Gündemde bedelli yok

“Böyle bir şey yok. Bizim programımızda, hükümetin gündeminde bedelliyle ilgili bir konu yok. Çünkü şu anda terörle amansız bir mücadele içindeyiz. Bütün yoğunluğumuzu, ağırlığımızı bu konuya vermiş durumdayız.”

‘Kimse zeytin hamisi kesilmesin’

“Zeytinlikler imara açılacak mı?” sorusu üzerine Yıldırım, düzenlenmenin ilgili maddesini okudu. Düzenlemeye göre, 9 kişilik kurulun uygun görmesi üzerine, zeytinlik sahaları ve bu sahalara en az 3 kilometre mesafede kimyasal atık oluşturacak yatırım tesisi yapılamayacağını belirten Yıldırım, “Alternatif olarak yatırım amaçlı bu alanların kullanılması icap ediyorsa bu bir kurul marifetiyle değerlendirilecek, uygun görülmesi halinde de Bakanlığın oluruyla izin verilebilecek. Bazen fiili durumlar var, eskiden zeytinlik alanıymış ama oraya sanayi tesisi yapılmış. O sanayi tesisinin, bir şekilde var olan durumun hukuki hale getirilmesi icap ediyor. O bölge de sanayi içinde kalmışsa, artık zeytinlik yapma imkanı yoksa orada sanayinin ihtiyacı olan alanı kullanma imkanı veriliyor, belirli şartların sağlanması durumunda, kurulun uygun görmesi durumunda. Zeytin ağacı sayısı 101 milyon 600 binden, 173 milyona yükseldi. Yani kimse ‘zeytin hamisi’ kesilmesin, zeytinlerin sahibi burada.”

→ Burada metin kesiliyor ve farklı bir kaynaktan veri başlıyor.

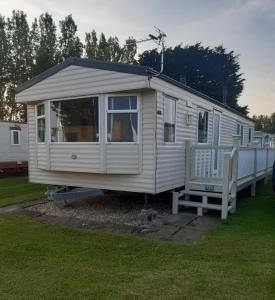 a white mobile home with a porch and a bench at Happy Days Chapel st Leonard's The Ocean Pearle in Chapel Saint Leonards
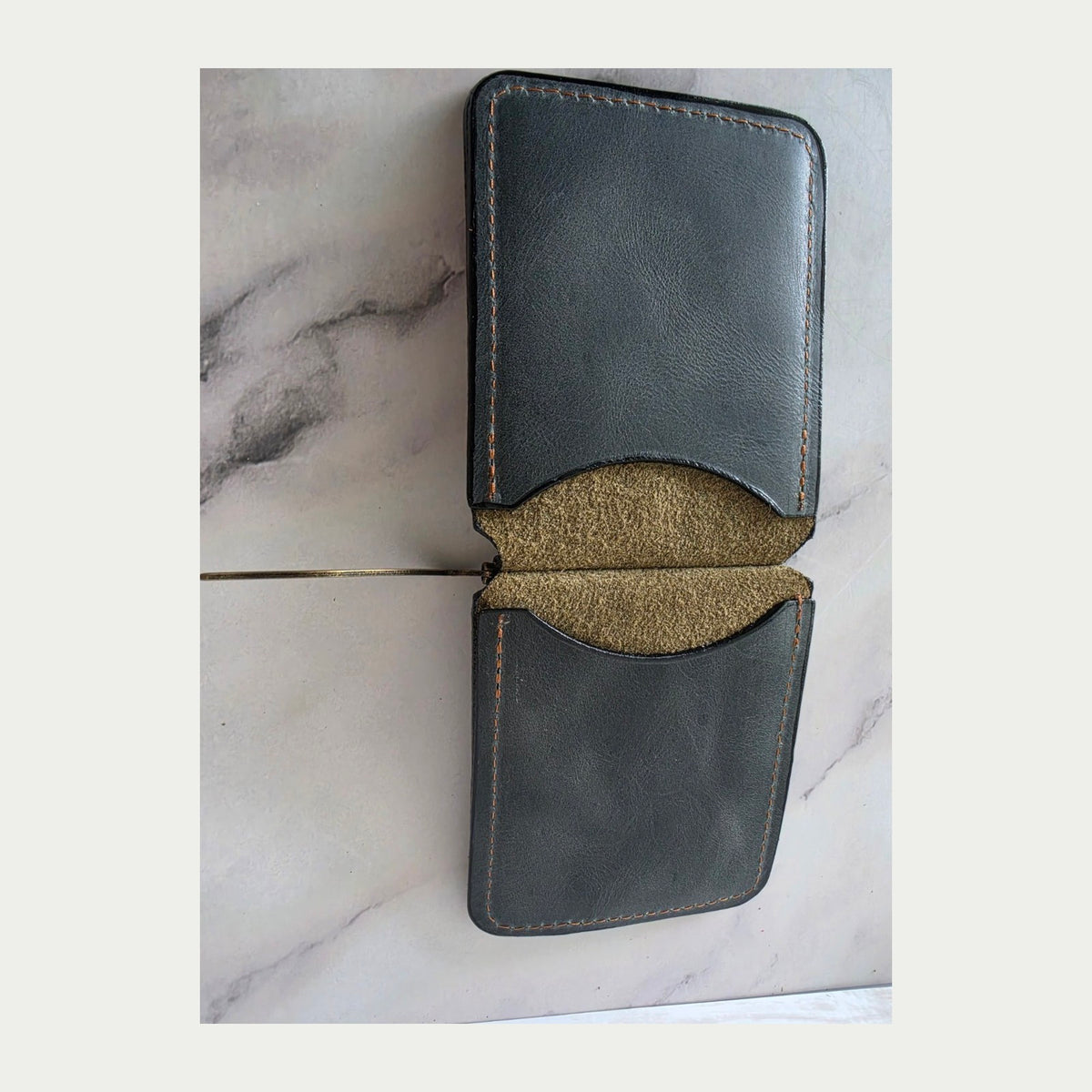 Open back view of charcoal and olive leather spring-bar money clip wallet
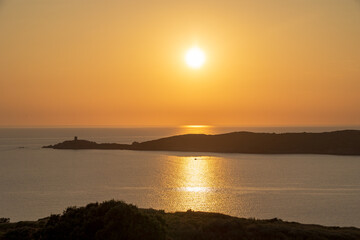 Sun setting over Mediterranean sea with island silhouette, France, Corsica, Cargèse, 18 June 2025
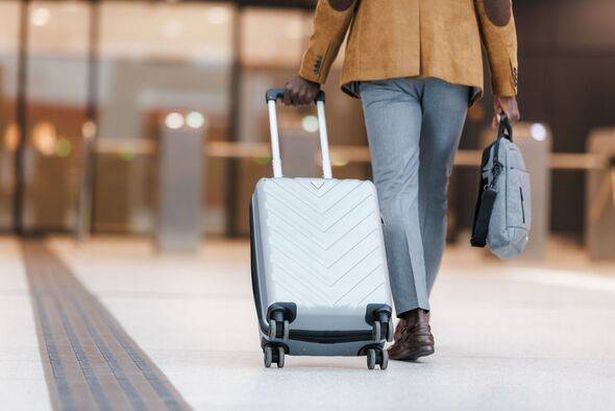 a rear view of a person walking in an airport carrying a wheely suitcase behind them 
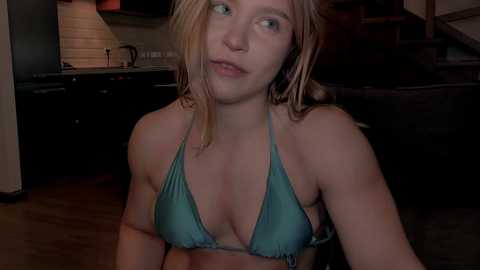 Video of a blonde woman in a teal bikini, seated indoors, looking contemplative, with a wooden floor and modern kitchen in the background.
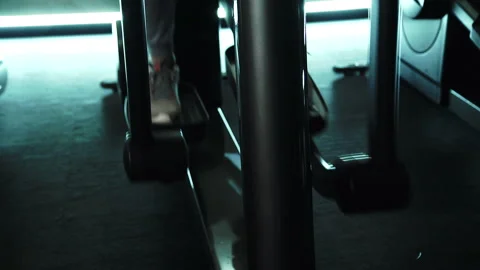 Close-up of a foot on an elliptical training machine in the gym. Stock Footage 88577289
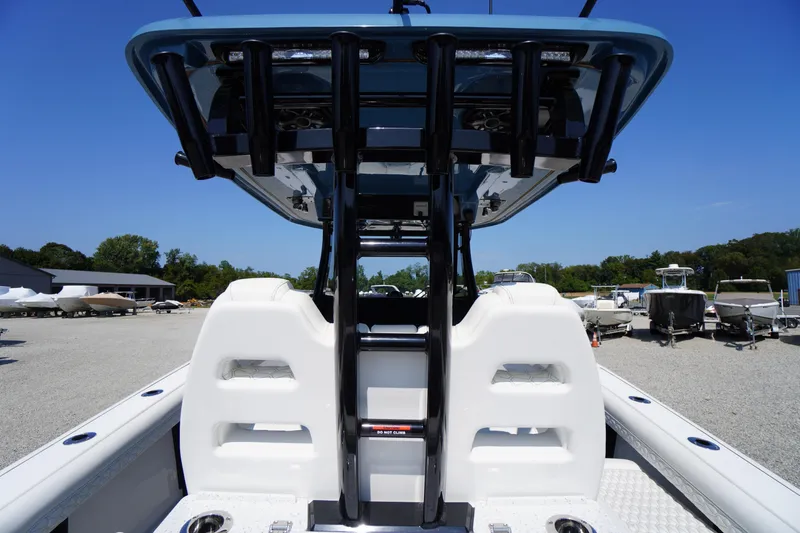 Slide: The Image of 2026 Tidewater 302 CC Adventure boat interior with seating and rod holders, parked outdoors. - 70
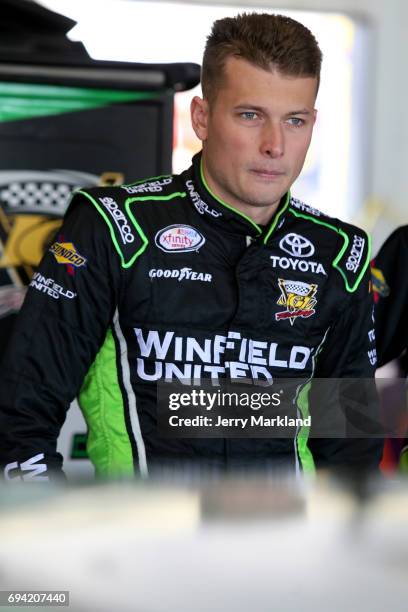 Dakoda Armstrong, driver of the WinField United Toyota, stands in the garage area during practice for the NASCAR XFINITY Series Pocono Green 250 at...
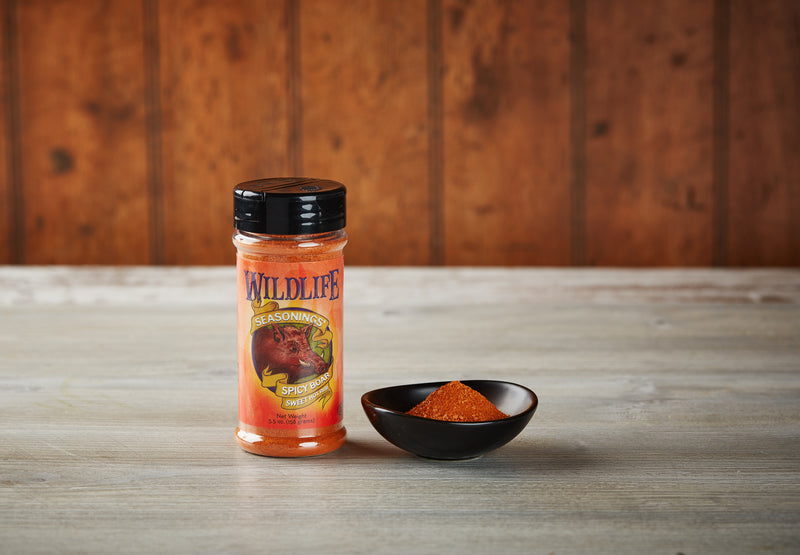 Wildlife Seasonings Spicy Boar Sweet Hot Rub 5.5 oz. bottle beside a small bowl of the rub on a rustic wood table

‘Ekonomide göstergeler olumlu yönde’

“Uluslararası piyasadan da iç piyasadan da olumlu mesajlar geliyor. Nakit, sermaye ihtiyacı doğarsa bunun da çözümü var. Merkez Bankası şartlar icap ettirdiği zaman gereken adımları atar. Gerek özel sektörün gerek kamunun borç yükümlülüğünün yerine getirilmesi adına elimizde başka araçlarımız da var. İhtiyaç olduğunda hepsi adım adım devreye girer. Her şey yolunda. (Bankaların durumu) Artık önümüzde seçim de yok. Öngörülemeyen bir süreç de olmadığı için rahat rahat uzun vadeli planlarını, yatırımlarını yapabilirler. Birçok gösterge olumlu yönde gidiyor. Dövizle, borsayla ilgili sanayi üretimi artışı, tüketici güven endeksi, birçok gösterge hep lehte.”